Pensando no impensável

A Rússia voltou a cultivar projetos expansionistas na Era Putin, um recalcado agente menor da KGB que passou a alimentar o sonho de ressuscitar o zumbi da União Soviética. Anexou a estratégica península à beira do Mar Negro através da controvertida Adesão da Crimeia e Sevastopol à Federação Russa, assinada em Moscou em 2014. Agora, invade a Ucrânia – bombardeando implacavelmente o país e sua população civil, a pretexto de anexar regiões pró-russas do país. Sem interferir diretamente no conflito, Ocidente reage com sanções e embargos econômicos destinados a isolar a Rússia.

A humilhação e o isolacionismo a que foi submetida a Alemanha derrotada na Primeira Guerra, geraram o arrogante e vingativo Terceiro Reich, potência militar que quase tomou conta do mundo. Putin tem feito advertências constantes, em tom de ameaça, sobre o risco de isolarem a Rússia. A diferença de cenário de 1939 para 2022 é que, nestes oitenta anos, as grandes potências ficaram abarrotadas de arsenais nucleares.
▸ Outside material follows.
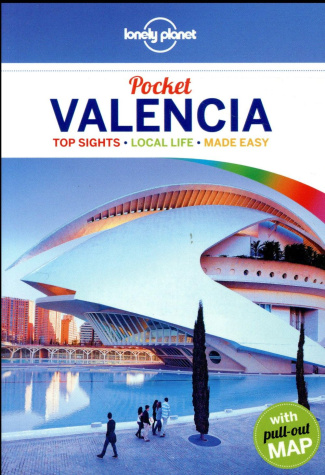 VALENCIA POCKET 2ED -ANGLAIS-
E os tiranos que andam por aí – como Putin, Trump (que ameaça voltar), Kim Jung-un – não hesitariam em apertar o botão ao menor gesto de provocação.

 

Um comentário:

J.A.Barros disse...

A Criméia, foi conquistada, dos Tártaros, para o Império Russo, pelo nobre Potenkim, amante da Imperatriz da Russia, a alemã Catarina, a Grande, e fundador da cidade de Sevastopol, no ano de 1783. A Crimeia, localizada entre o Mar Azov e o Mar Negro, é claramente por demais estratégica para a Russia.